● **Exercise**: Leave out the pictures and transcribe every entry below exactly.

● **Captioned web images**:
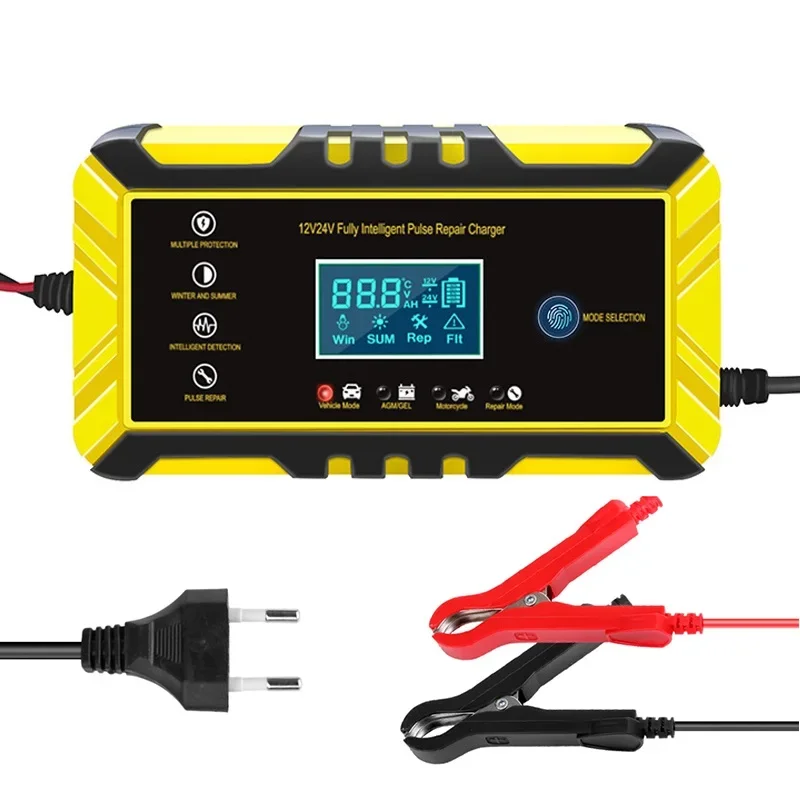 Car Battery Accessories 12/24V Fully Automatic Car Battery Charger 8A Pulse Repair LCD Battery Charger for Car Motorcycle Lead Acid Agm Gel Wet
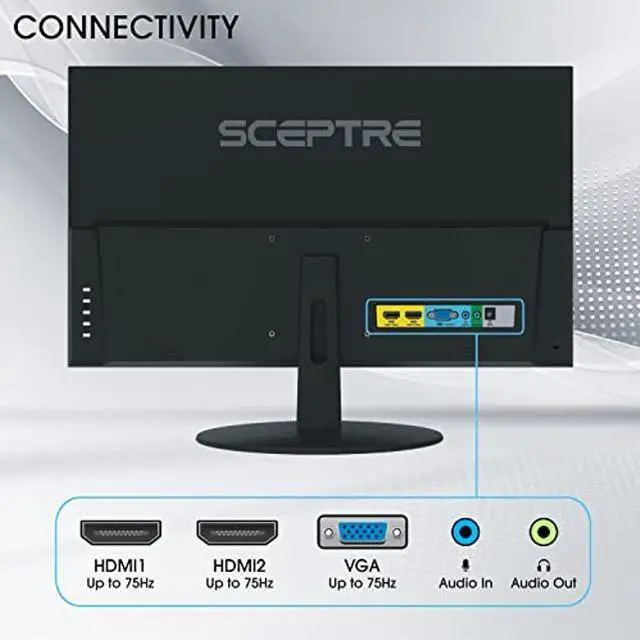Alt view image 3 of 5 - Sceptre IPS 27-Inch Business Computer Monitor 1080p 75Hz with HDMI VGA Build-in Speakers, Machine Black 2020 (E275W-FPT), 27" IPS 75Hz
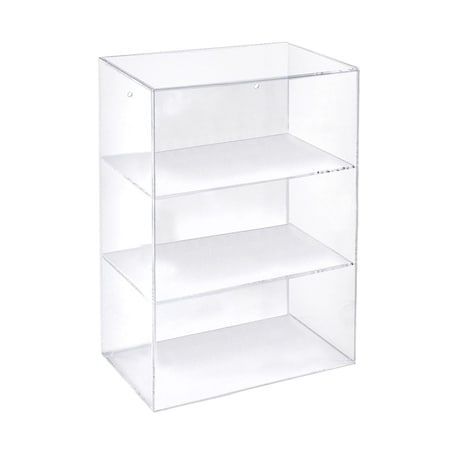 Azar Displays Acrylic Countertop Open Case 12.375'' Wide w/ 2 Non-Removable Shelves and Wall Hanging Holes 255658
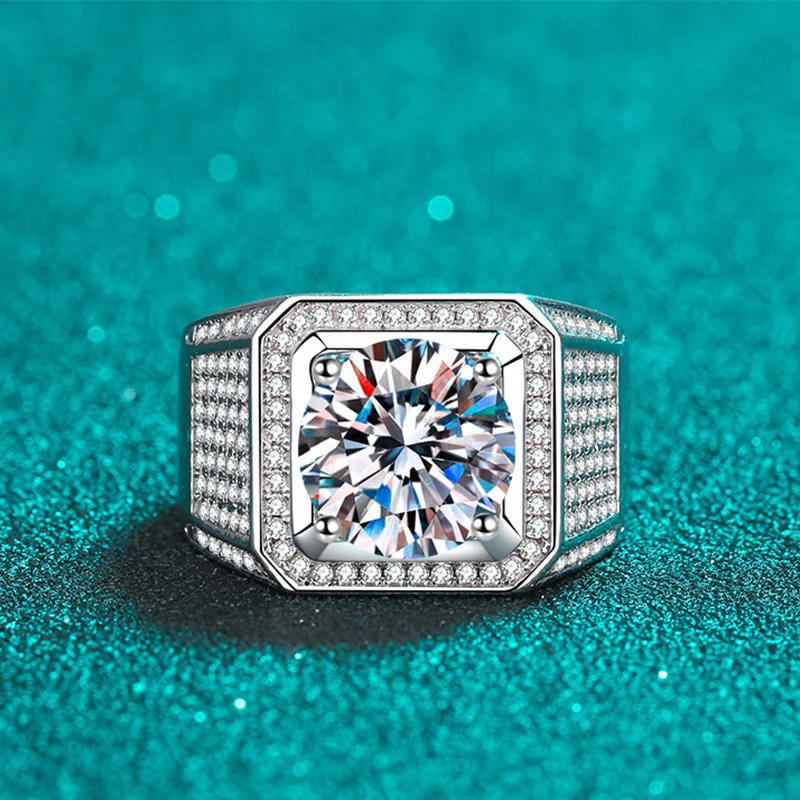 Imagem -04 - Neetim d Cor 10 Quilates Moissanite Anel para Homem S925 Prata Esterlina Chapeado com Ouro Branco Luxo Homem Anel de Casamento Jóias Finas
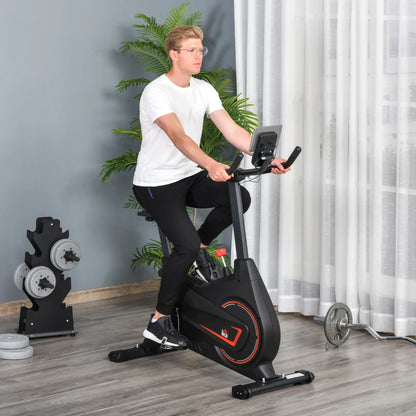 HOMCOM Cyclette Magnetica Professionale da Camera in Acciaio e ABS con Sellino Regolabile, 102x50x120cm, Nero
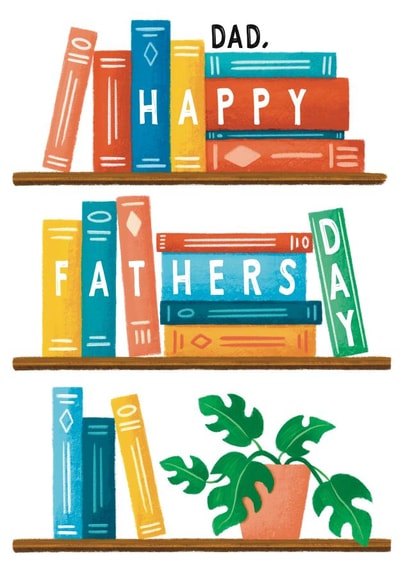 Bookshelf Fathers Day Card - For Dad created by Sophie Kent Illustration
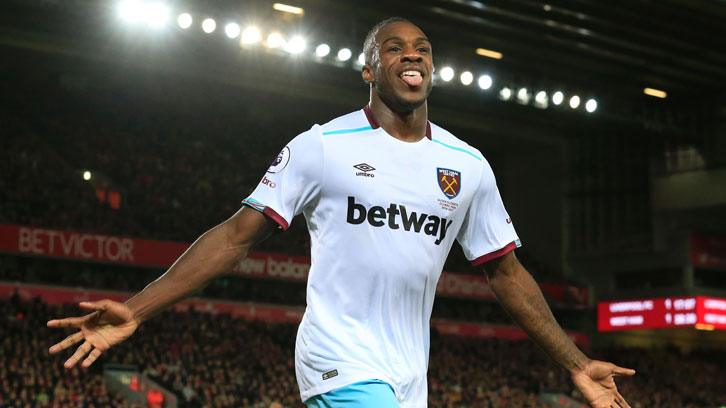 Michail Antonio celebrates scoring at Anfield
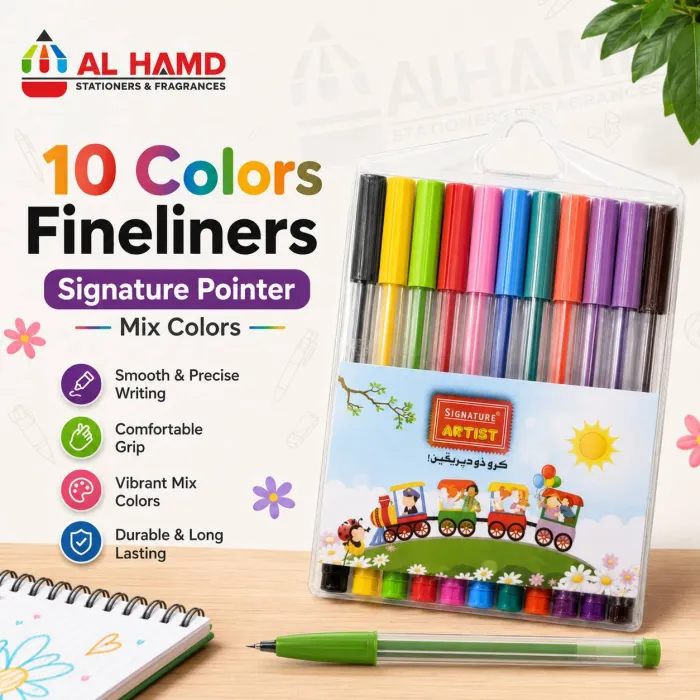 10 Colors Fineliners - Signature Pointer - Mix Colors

● **Reply to the task**:
 Car Battery Accessories 12/24V Fully Automatic Car Battery Charger 8A Pulse Repair LCD Battery Charger for Car Motorcycle Lead Acid Agm Gel Wet
Alt view image 3 of 5 - Sceptre IPS 27-Inch Business Computer Monitor 1080p 75Hz with HDMI VGA Build-in Speakers, Machine Black 2020 (E275W-FPT), 27" IPS 75Hz
 Azar Displays Acrylic Countertop Open Case 12.375'' Wide w/ 2 Non-Removable Shelves and Wall Hanging Holes 255658
 Imagem -04 - Neetim d Cor 10 Quilates Moissanite Anel para Homem S925 Prata Esterlina Chapeado com Ouro Branco Luxo Homem Anel de Casamento Jóias Finas
 HOMCOM Cyclette Magnetica Professionale da Camera in Acciaio e ABS con Sellino Regolabile, 102x50x120cm, Nero
 Bookshelf Fathers Day Card - For Dad created by Sophie Kent Illustration
 Michail Antonio celebrates scoring at Anfield
 10 Colors Fineliners - Signature Pointer - Mix Colors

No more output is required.